Définition
Le processus d’établissement de correspondances explicites entre entités, relations, contraintes et rôles d’une structure conceptuelle ou de données et ceux d’une autre, afin que des schémas relationnels puissent être traduits, comparés ou réutilisés ; se caractérise par l’identification d’homomorphismes, de correspondances partielles et de transformations autorisées plutôt que par une simple analogie ou métaphore.
Principe
Principe
La cartographie de schéma fonctionne en préservant la structure relationnelle (mappage de nœuds et arêtes, contraintes et opérations) dans la mesure permise par la sémantique des domaines ; les mappages valides maintiennent les fonctions ou inférences associées aux relations mappées.
Démonstration
Démonstration
Scénario illustratif — Situation : Une conceptrice veut réutiliser un schéma de catégories hiérarchique d’un catalogue de bibliothèque pour structurer une collection d’images en ligne.

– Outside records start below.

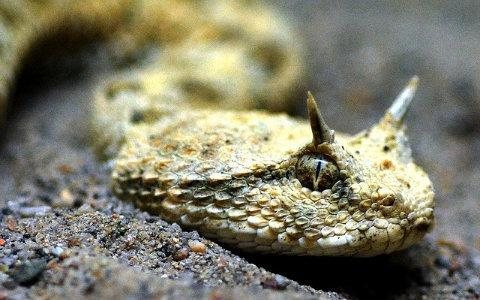 Um vídeo chocou a web recentemente, onde registra o nascimento de uma cobra com chifres. O caso viralizou na internet, levantando duvidas sobre o animal. Um vídeo chocou a web recentemente, onde registra o nascimento de uma cobra com chifres. O caso virali - Reprodução/web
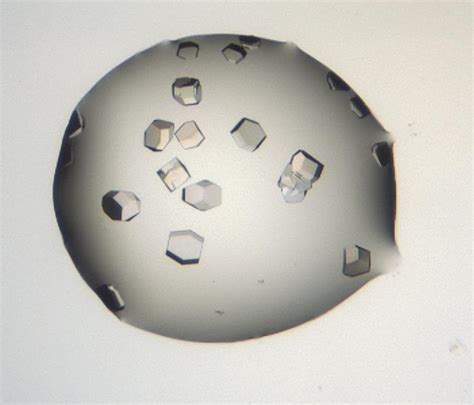 Image result for Lab On-Chip Protein Crystallisation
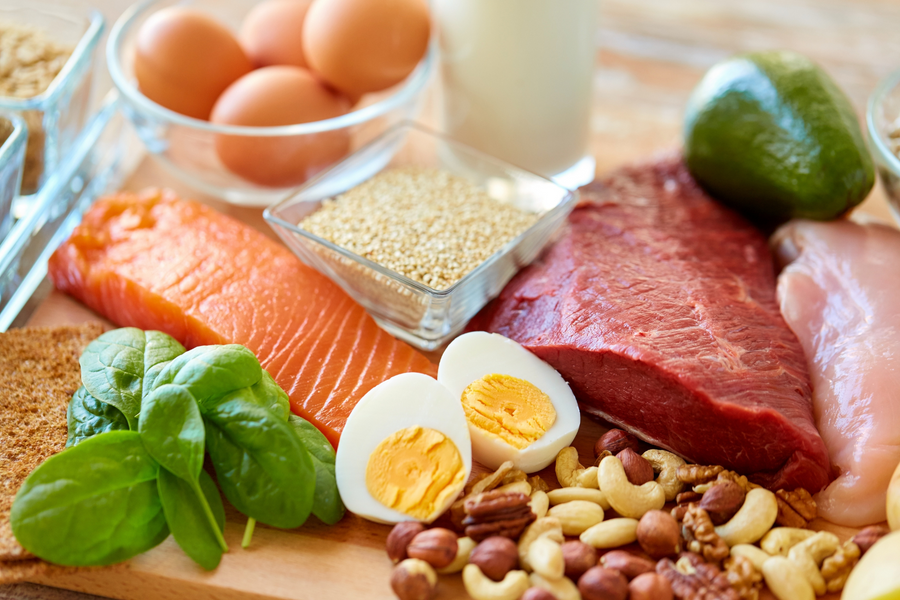 Why Protein Matters: Tips for Every Meal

Reconnaissance : Elle identifie des types d’entités analogues (œuvre, auteur, sujet), des relations hiérarchiques et des contraintes de provenance. Action : Elle définit des correspondances pour les champs équivalents, spécifie des transformations pour les champs non concordants (p. ex. sujets → mots‑clés) et indique où seul un mappage partiel est possible. Conséquence : La collection d’images obtient des catégories consultables et conserve des liens de provenance, tandis que les requêtes nécessitant des champs propres au catalogue renvoient des résultats partiels ou transformés.
Mauvaise application
Mauvaise application
Confondre une similarité évocatrice avec un mappage complet (p. ex. mapper « auteur » sur « créateur » sans vérifier les règles de droits, de provenance ou la multiplicité) provoque des erreurs de catégorie ; l’erreur sémantique est de confondre ressemblance lexicale et sémantique relationnelle préservée.
Conséquence
Conséquence
Un bon mappage de schéma permet la réutilisation d’outils, des requêtes inter‑domaines et des architectures interopérables ; un mappage incorrect produit de fausses inférences, des pertes de données, des contraintes cassées et des analyses trompeuses.
Inversion
Inversion
Quand les domaines source et cible n’ont pas de relations isomorphes ou quand des contraintes critiques (juridiques, sémantiques, fonctionnelles) sont inreprésentables, le mappage est nécessairement partiel, heuristique ou déconseillé ; dans certains cas, il faut construire un schéma médiateur ou repenser les modèles.
Limite
Limite
Clairement dedans : définir des correspondances champ‑à‑champ et des règles de transformation entre deux schémas de base de données pour systèmes d’inventaire. Cas limite : tracer une analogie d’orientation entre un graphe de réseau social et un réseau de transport (heuristiques utiles mais équivalence structurale limitée). Clairement hors : employer une métaphore poétique sur les « réseaux » sans aucune correspondance entité–relation définissable.
Tension sémantique
Tension sémantique
Fidélité versus utilité — les mappages stricts et sans perte préservent la fidélité sémantique mais peuvent être impraticables ; les mappages pragmatiques et lossy augmentent l’utilité mais risquent de déformer le sens.
Synthèse
Synthèse
La Cartographie de Schéma est une tâche formelle de traduction relationnelle : elle exige la spécification explicite de correspondances, transformations autorisées et limites afin que les opérations et inférences relationnelles restent interprétables entre domaines, plutôt que de s’appuyer sur une analogie informelle.